Captioned web images

'''

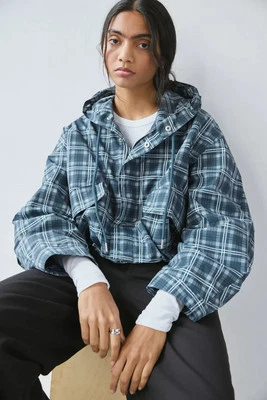 NWT Urban Outfitters BDG Casey Cropped Windbreaker Jacket Plaid Blue Small - Image 1 of 4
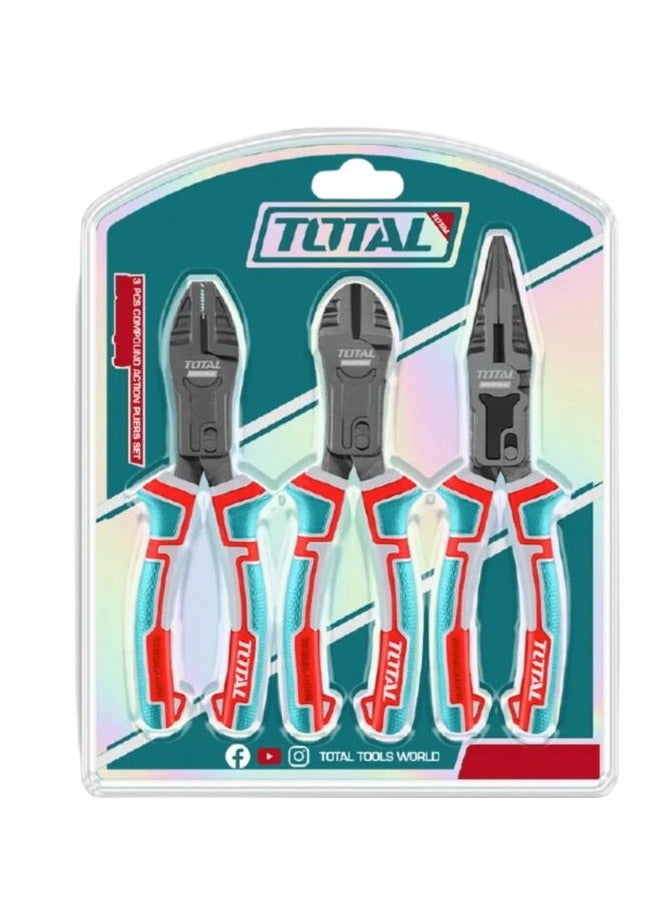 Total 3 Pcs Compound Action Pliers Set THT2CK231S - Image 1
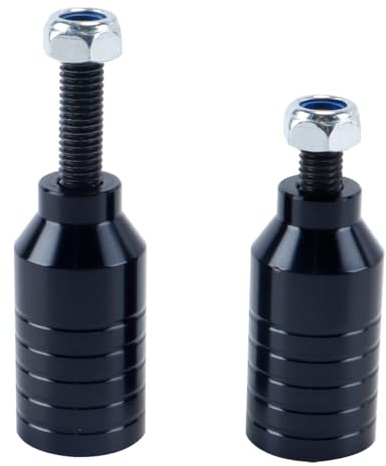 Orivin 2 Stück Pro Stunt-Scooter Pegs – Regenbogenschwarzes Aluminium mit 12,9-Stufenachse und Befestigungsmutter für 5050s Grinds (Schwarz)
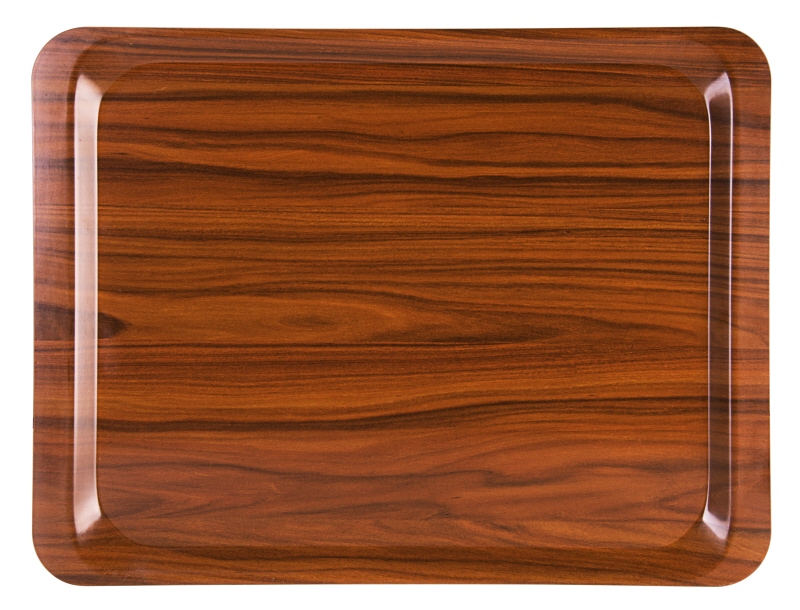 Serviertablett, nussbaumfarben, Pressholz, 52 x 39 x 1,5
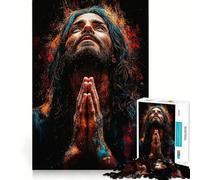 Praying Man in Abstract Art 1000 Piece Jigsaw Puzzles for Adults Jigsaw Memory Lift Slow Enjoy Image Assembly Creative Gift (38x26cm)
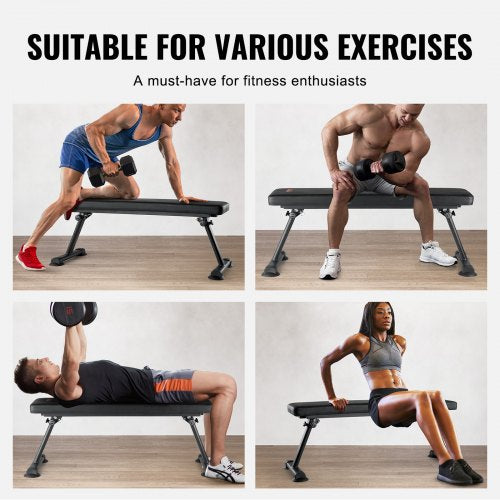 Flat Weight Bench Foldable Strength Training Bench Utility Workout Bench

'''

[What to do]: Set down each entry again exactly as written. Pictures stay out.

[Your solution]:
 NWT Urban Outfitters BDG Casey Cropped Windbreaker Jacket Plaid Blue Small - Image 1 of 4
 Total 3 Pcs Compound Action Pliers Set THT2CK231S - Image 1
 Orivin 2 Stück Pro Stunt-Scooter Pegs – Regenbogenschwarzes Aluminium mit 12,9-Stufenachse und Befestigungsmutter für 5050s Grinds (Schwarz)
 Serviertablett, nussbaumfarben, Pressholz, 52 x 39 x 1,5
 Praying Man in Abstract Art 1000 Piece Jigsaw Puzzles for Adults Jigsaw Memory Lift Slow Enjoy Image Assembly Creative Gift (38x26cm)
 Flat Weight Bench Foldable Strength Training Bench Utility Workout Bench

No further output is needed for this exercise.